PS. The Duplicity grade is far more of a surprise to me, but maybe that deserves a separate thread...
@Catherine: I won't add to what you say except to second almost all of it quite heartily. (I felt like Laurent was a real detriment to the movie, everywhere outside the strüdel scene, but otherwise we are completely copacetic, it seems.)
@Tim: The Apocalypto connection was front and center for me, too; you might notice that this post, just like the urge that prompted it, echo this one quite closely. I would want anyone championing the "technique" of Tarantino to recuperate the Myers/Fassbender/Taylor scene. Maybe they could do it—like NoNo says, Tarantino does have the virtue of eliciting real ingenuity from others—but I found it close to unbearable, Fassbender notwithstanding. I wish the last reel of the movie had been one of the tools for Shosanna's, um, "final solution," it's just so despicable, the INLAND EMPIREish smoke-face image notwithstanding. (Tarantino seems to be "doing Lynch" in several shots in this movie...)
**IF** the movie were trying to make a brusquely equalizing statement about the crude, corrupting force of all "vengeance" or all violence, it might have something going for it to explain some of what is otherwise just reprehensible to me, particularly toward the end (in the projection booth, in the theater, and finally in the woods). But is it even imaginable that QT of all people would profess such a stance? I simply can't believe it, and even if he were, what an astonishing idiom to select in order to show us that all murderous violence is created equal, and invites comparable comeuppance, and the entire world is a parable of the Survival of the Crudest. I'm worried I'm in a Matrix place of having to see a movie I detested again, partly to make sure I'm giving enough credit to what is technically expert in it, and partially to make sure it's fair to say, No, all that virtuosity plays out in the service of such a smug, objectionable concept that partial credit is not an option. I wish there were a way to do it without paying again, though I'll give it to QT, he's started some important conversations.
As for Duplicity: loved it. Charmed and delighted, almost perpetually.

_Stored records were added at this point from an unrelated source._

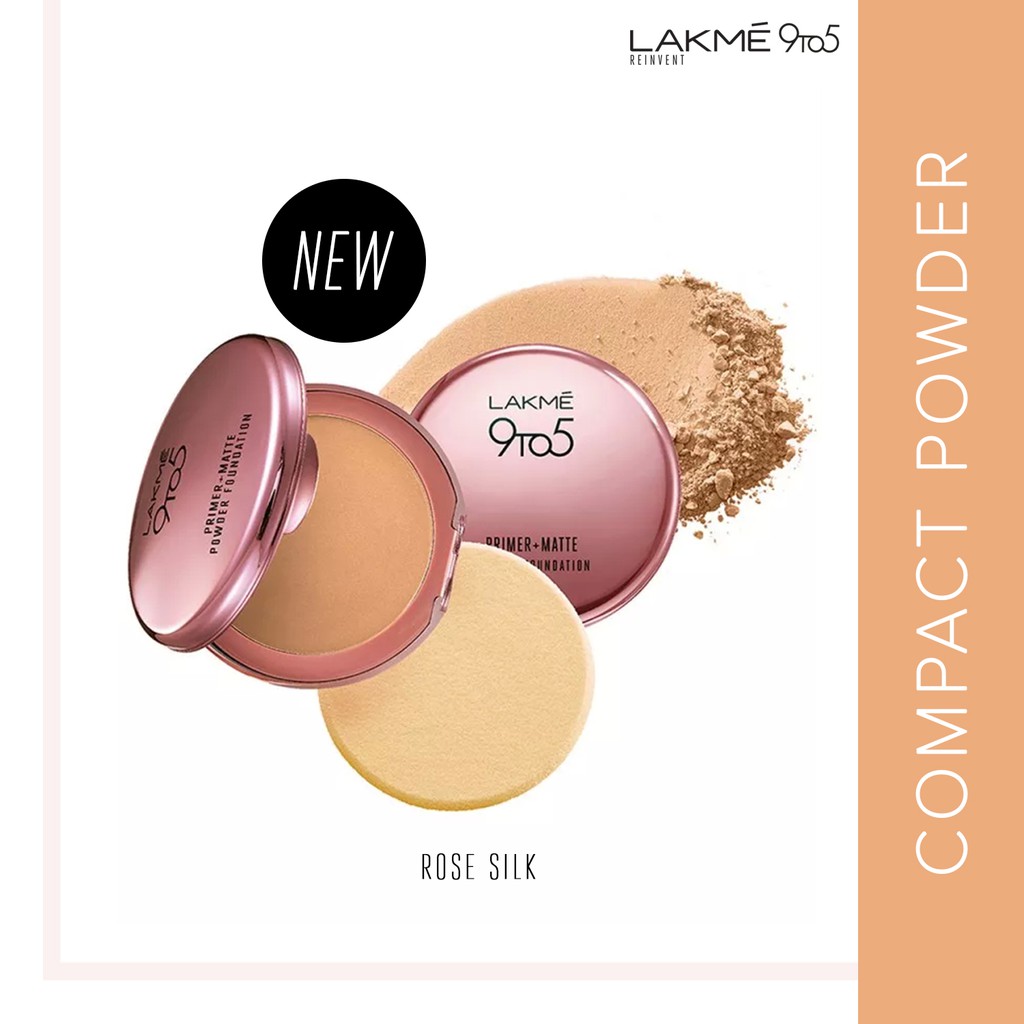 Lakme Make Up Bedak Primer Matte Powder Foundation Rose Silk 9to5 Bedak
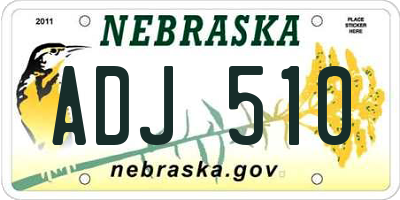 NE license plate ADJ510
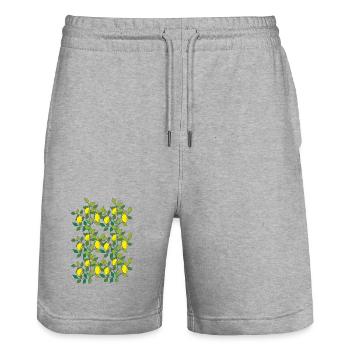 citron - Short de jogging bio TRAINER Stanley/Stella unisexe - gris chiné - Devant - Nik (191cm) & Marisol (170cm)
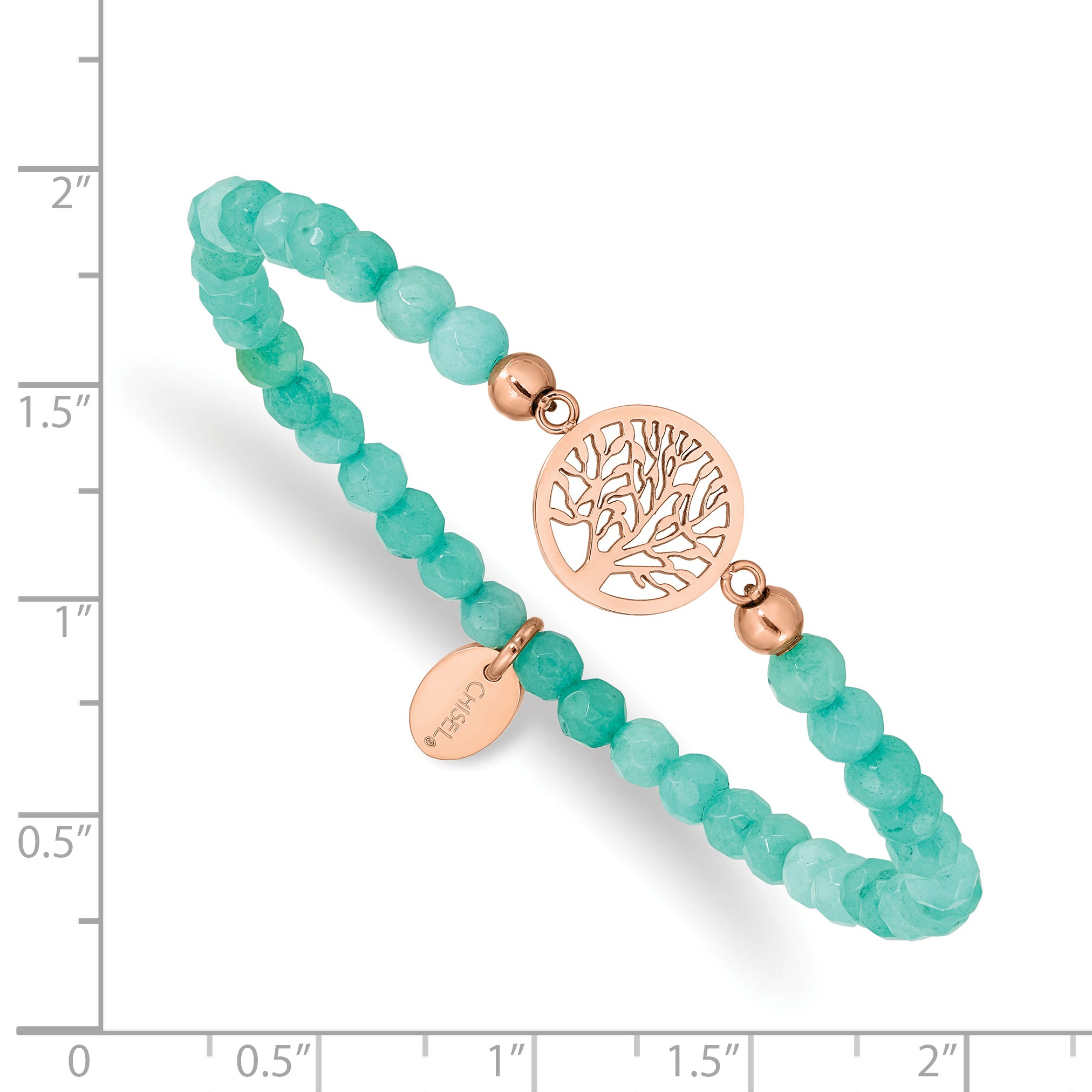 Chisel Stainless Steel Polished Rose IP-plated Tree of Life 4mm Mint Jade Beaded Stretch Bracelet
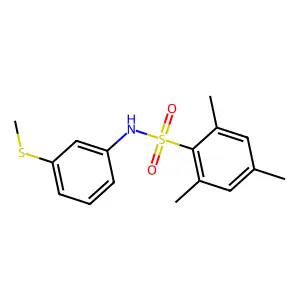 2,4,6-trimethyl-N-(3-methylsulfanylphenyl)benzenesulfonamide structure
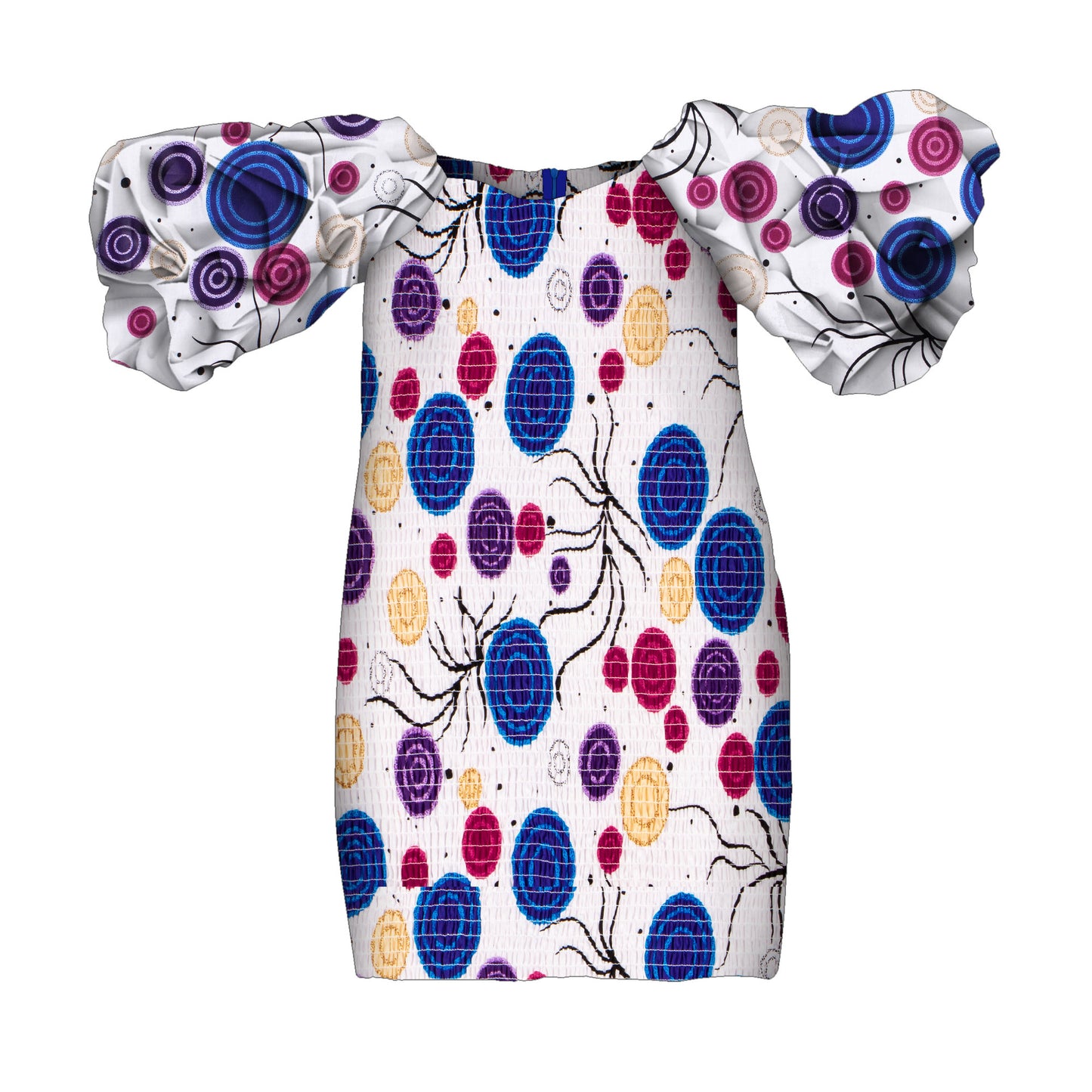 African Print Smocked Bodycon Dress with Puff Sleeves – Ankara Mini Dress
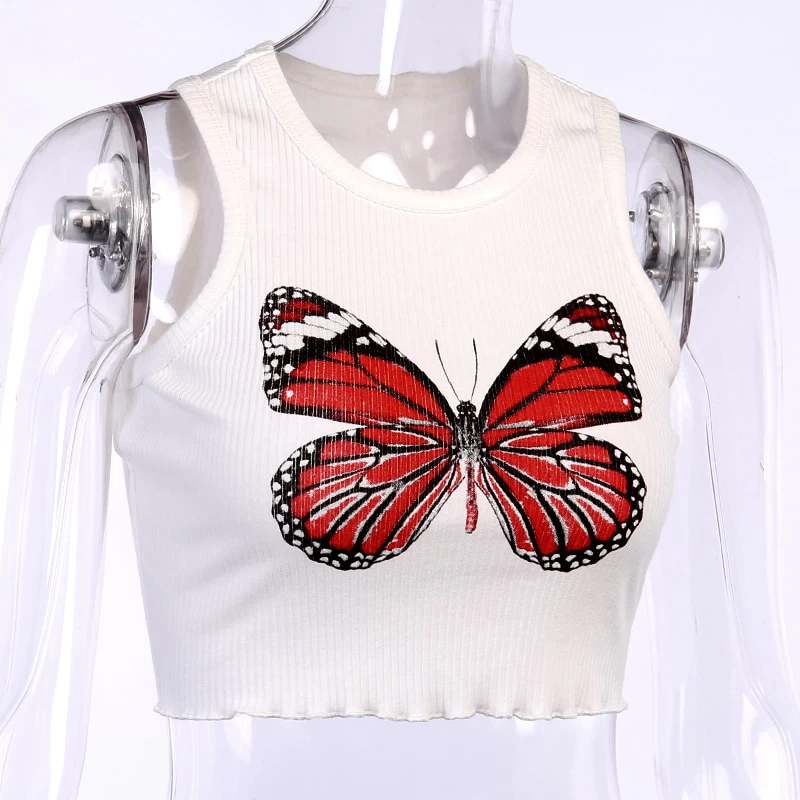 Crop Top Blanc – Papillon 9 Crop Top Blanc – Papillon – Image 7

Considered an A–. I can't remember: did you not like it, or you're just surprised that I did? (Maybe you're right that a separate thread is in order.)
THREAD TWO: I actually didn't get on with it at all, but then we were in pretty different places on Michael Clayton also, so it might just be that there's something about Tony Gilroy's directing style that pisses me off -- it certainly becomes clear which writing ideas he's besotted with, because we don't hear the end of them. Some nice stuff around the edges, I remember, but that recycled-dialogue conceit between the leads really stuck in my craw, and I basically wanted to be watching Sneakers instead.
BACK TO THREAD ONE: My view is perhaps more basic. I can't possibly recuperate the Basterds stuff in any "good" version of this movie, so I chuck it out (as Tarantino undoubtedly should have) and focus on the stuff that works. Problematically, I didn't like Laurent much either, which makes this a hard distinction to make, though I agree she comes good in the strudel scene, and there's something about her hardness as an actress which is maybe pretty essential to the whole smoke-face thing having such a scary charge. Another thing that really bothered me was the cowardly shortcut taken with Pvt Zoller, who has to be converted in a finger-click from bashful sweetheart to rapey Nazi, as bad as any of them, so that his own imminent demise doesn't upset the audience. It's typical of QT's pandering tactics. Then I compare all the early scenes with Waltz, how good Fassbender and even Kruger are in the basement scene, and a lot of the movie's other striking felicities, and the best I can do is separate them out altogether. For me, it's two different movies tearing each other to bits -- I just wish the repellent one didn't have to win!